In this doc it is mentioned that compressed cores can reduce latency at the expense of bandwidth. Does this mean that rather than a core having a 6s block time and 1k TPS it could have a 0.6s block time at 100 TPS?

How does this technically work-- how do transactions on compressed blocks get finalized prior to being finalized on the relay chain? Wouldn’t there have to be validators validating every 0.6s per my example?

Would this enable Polkadot to potentially compete with low-latency blockchains such as Solana?

One core always has the same computational resources and the same bandwidth. But each Core is only doing validation work every 6 seconds for in maximum 2 seconds. This brings you the latency of 6 seconds. If you want to get faster feedback, your application could build faster blocks. Like you proposed every 0.6 seconds. In the end you combine then 10 of your 0.6 seconds blocks into one PoV that you send to the relay chain. The relay chain will then use the assigned core to validate your PoV. For the user perspective you get feedback faster, because you trust the collator that it build a valid block. However, ultimate truth is then coming from the relay chain after it has validated your blocks.
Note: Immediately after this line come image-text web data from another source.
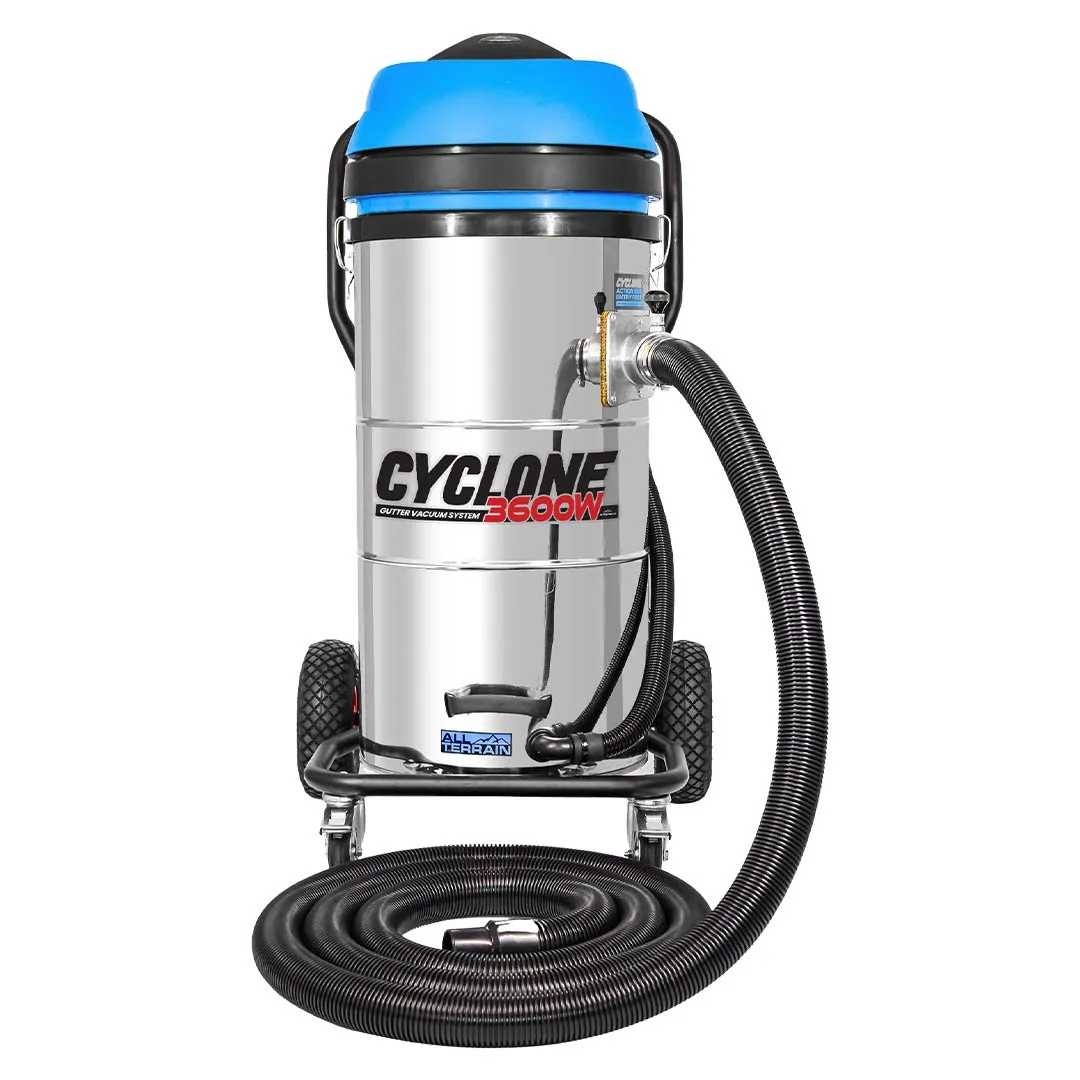 Cyclone II 3600W Stainless Steel 27 Gallon All Terrain Gutter Vacuum with 28 Foot Aluminum Poles and Bag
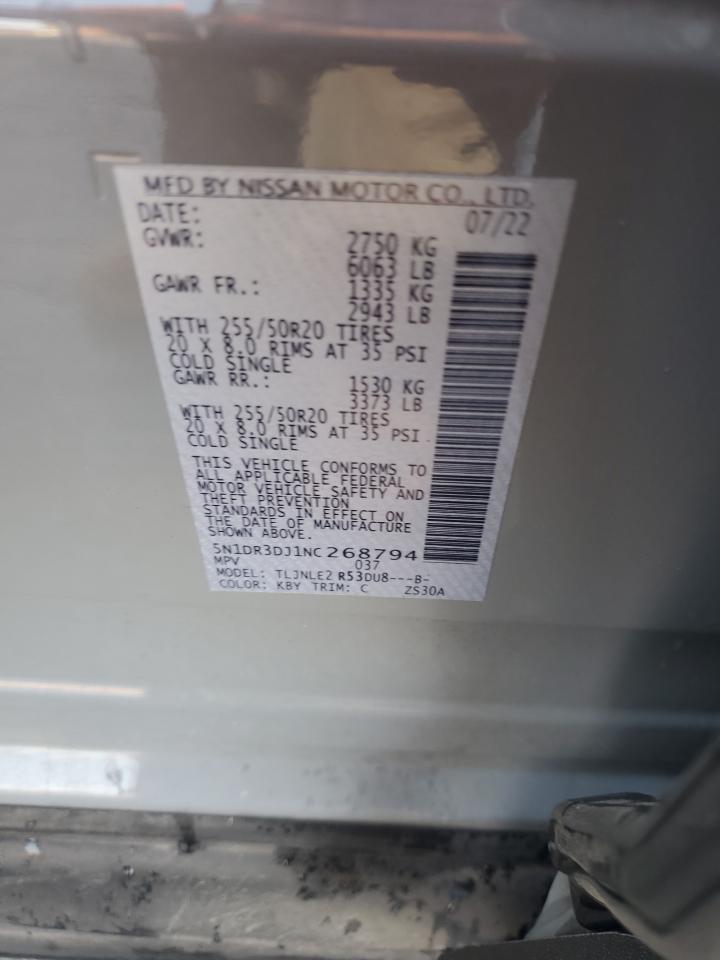 2022 Nissan Pathfinder Platinum VIN: 5N1DR3DJ1NC268794 Lot: 62912015
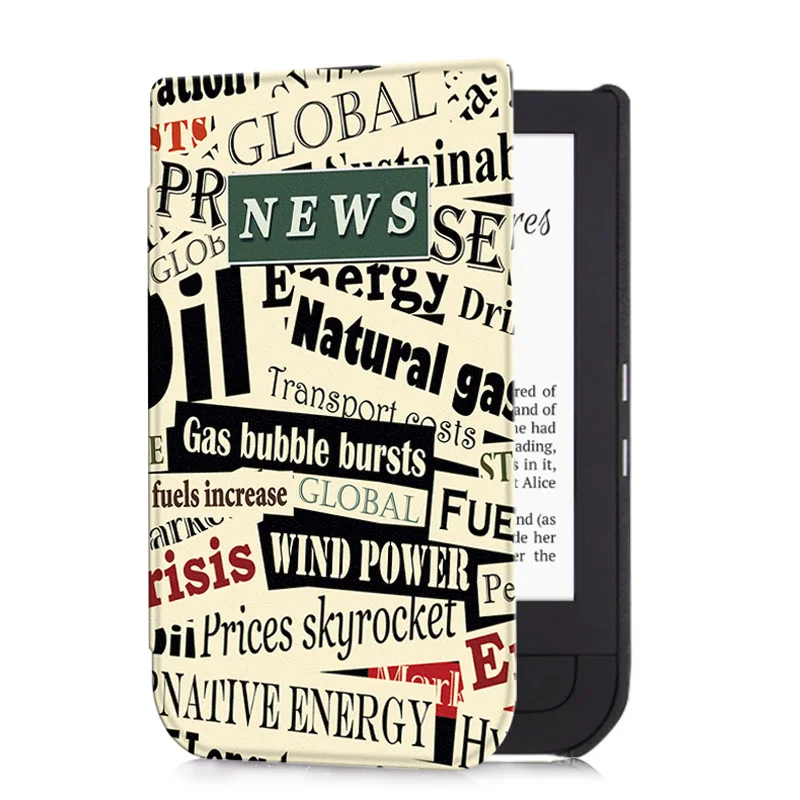 News Aroita Модный чехол с рисунком для Pocketbook 631 Touch HD/Touch HD 2 электронная книга с автоматическим пробуждением/спящим умным чехлом - Цвет: News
They don’t, or better it depends on what you call finality :wink: If you mean “ultimate finality” as provided by the relay chain, then no you can not finalize these txs/blocks before the relay chain has done it. Basically the relay chain in finalizing on the core level. If the output of a core was included in the relay chain block and this relay chain block was finalized, your PoV and all its blocks/txs are finalized. This takes around 12-18 seconds.
However, you can also get “weak finality” by saying that a transaction was only included in a block by a collator. The point being, it is very unlikely that this transaction then will get reverted, but yeah depends on if there exists forks etc.

In the end it all depends on what your application is doing. If you for example have a social network and want to record a like, waiting for the transaction to enter the transaction pool is probably good enough (one like maybe getting lost isn’t that bad). If you are a payment provider and you want to report back on a small transaction < 50$ for example, waiting for the transaction to be included in a block sounds totally valid. Then, for bigger amounts you may actually wait for finality or at least for the block getting successfully validated by the relay chain.

If you ask me, yes you can compete with Solana. As I explained above, it really depends on what your application is doing and what level of security you need. For better security, you just need to wait longer :wink:

3 Likes

Excellent thanks for the detailed answers-- it makes sense to me now. I guess there is risk that a collator may get corrupted, but it is unlikely as you mentioned.